第131話 神崎家 大団円!
家に帰りつき駐車場に車を止めると、仁は車から降りる前に美羽に確認をした。
「美羽、本当に思いだしたのか?」
「ええ、本当よ。私はお兄ちゃんの事が好き!子供の時だけどお兄ちゃんは私の事を許嫁だと言ってくれたわよね?」
「ああ、でも中学生の頃、美羽は俺の事を怒ってそれ以来、嫌いになったんじゃないのか?」
「あれは、お兄ちゃんが私の友達にひどい態度をとったと誤解していたから」
「誤解?」
「うん、あれは友達の方が酷かったのよね?私と仲良くしていたのもお兄ちゃんと親しくなりたかったからだとか言ったからよね?」
「なんで、それを…母さんに聞いたのか?」
「事の次第を知っている人がいて…それをたまたま教えてもらえたの」
嘘は言っていない。
もう一人の自分ルミアーナにおしえてもらったのだから…。
「…そう…か」
「お兄ちゃん…」
「ああ」
「私はお兄ちゃんの事が好きです。お兄ちゃんが嫌でなければ私をお兄ちゃんのお嫁さんにして下さい」
「美羽…」
そして仁が確かめるように美羽の頬を両手で持ち顔をあげさせる。
そして美羽の瞳を覗き込む。
その
潤んだ瞳で見上げる形になった美羽は恥ずかしさのあまりほんのりと頬を染める。
その恥じらいの表情は仁の男心を強く揺さぶり煽った。
「美羽…いいのか?もう兄には戻れない…お前を俺の嫁さんにするぞ?」
そんな言葉に美羽は、一瞬、目を見開き耳たぶや首筋まで真っ赤にした。
「はい…」と美羽が小さな声で、でもはっきりと答えた。
白い肌が赤く染まり、仁はもう堪えきれなくなる。
そして仁はゆっくりと顔を近づけ美羽に口づけたのだった。
そしてまだ高校生の美羽にこれ以上は…と武道で鍛えた鋼の精神力で、その先を堪えたのだった。
そして美羽と仁は車を降りて家に戻り、その夜、家族に婚約を告げた。
仁は美羽が高校を卒業するまでに気持ちが変わらなければ結婚すると家族に宣言したのだ。
「そっ!それは本当かっ!美羽っ!いいんだなっ!本当にいいんだなっ!?」と父が喜びすぎてひっくり返りそうな勢いで美羽に確認し、美羽は恥ずかしそうに頷いた。
父も母も大喜びで、姉もまた祝福してくれた。
「美羽!良かったわ。

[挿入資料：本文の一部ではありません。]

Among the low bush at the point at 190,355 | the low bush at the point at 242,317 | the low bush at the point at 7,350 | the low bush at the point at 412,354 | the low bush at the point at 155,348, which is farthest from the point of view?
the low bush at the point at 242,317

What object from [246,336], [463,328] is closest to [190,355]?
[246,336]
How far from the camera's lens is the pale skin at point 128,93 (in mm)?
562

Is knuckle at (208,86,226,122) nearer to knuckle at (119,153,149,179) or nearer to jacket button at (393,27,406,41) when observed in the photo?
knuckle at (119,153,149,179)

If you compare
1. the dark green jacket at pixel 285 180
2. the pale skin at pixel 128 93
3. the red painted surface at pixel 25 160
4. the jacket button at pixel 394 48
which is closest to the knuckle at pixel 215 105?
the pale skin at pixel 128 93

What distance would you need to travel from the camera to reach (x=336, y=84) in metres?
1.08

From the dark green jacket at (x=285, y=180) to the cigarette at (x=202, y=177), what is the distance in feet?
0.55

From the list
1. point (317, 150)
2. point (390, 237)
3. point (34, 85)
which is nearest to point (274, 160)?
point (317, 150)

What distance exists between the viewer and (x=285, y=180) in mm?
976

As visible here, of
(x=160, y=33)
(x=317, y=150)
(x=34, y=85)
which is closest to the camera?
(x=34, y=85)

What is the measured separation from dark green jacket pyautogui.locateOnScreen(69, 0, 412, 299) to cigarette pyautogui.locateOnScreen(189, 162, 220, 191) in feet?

本当におめでとう」と、母は嬉し涙をにじませながら優しい笑顔で美羽を抱きよせて喜んだ。
「おめでとう!美羽!兄貴」静も満面の笑みである。
「皆、ありがとう。美羽の事、一生大事にする!俺に美羽を守らせてくれ」仁は家族にそう宣言した。
家族は皆笑顔でそれに応えた。
そして美羽はようやく、片思いに終止符を打ち美羽としての幸せを掴んだのだった。